[Data provided]
▼

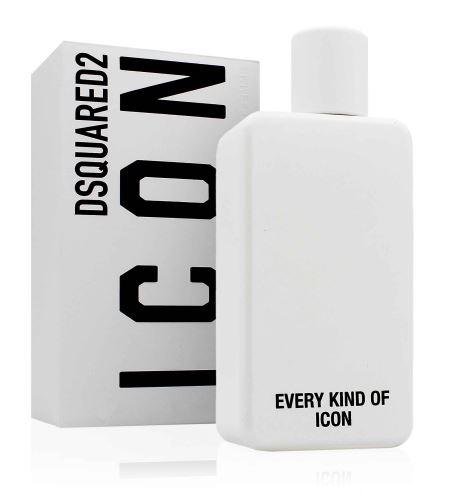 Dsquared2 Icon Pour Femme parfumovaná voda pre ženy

▲
▼

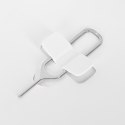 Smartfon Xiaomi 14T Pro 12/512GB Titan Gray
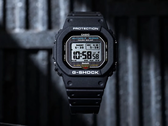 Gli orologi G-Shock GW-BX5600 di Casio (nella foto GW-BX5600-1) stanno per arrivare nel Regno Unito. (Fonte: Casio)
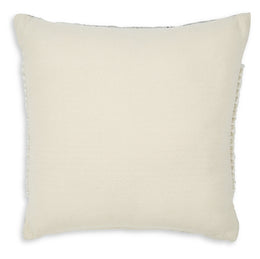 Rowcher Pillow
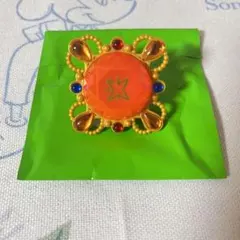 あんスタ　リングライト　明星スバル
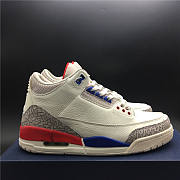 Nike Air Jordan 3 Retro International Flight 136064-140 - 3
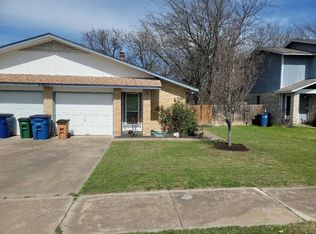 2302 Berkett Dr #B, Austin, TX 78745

▲

[Description of the task] Return only the part above that opens with the line containing "Gli orologi G-Shock" and closes with the line containing "2302 Berkett Dr #B, Austin, TX 78745", exactly and with both ends, skipping the pictures.

[Solution to this exercise]
 Gli orologi G-Shock GW-BX5600 di Casio (nella foto GW-BX5600-1) stanno per arrivare nel Regno Unito. (Fonte: Casio)
 Rowcher Pillow
 あんスタ　リングライト　明星スバル
 Nike Air Jordan 3 Retro International Flight 136064-140 - 3
 2302 Berkett Dr #B, Austin, TX 78745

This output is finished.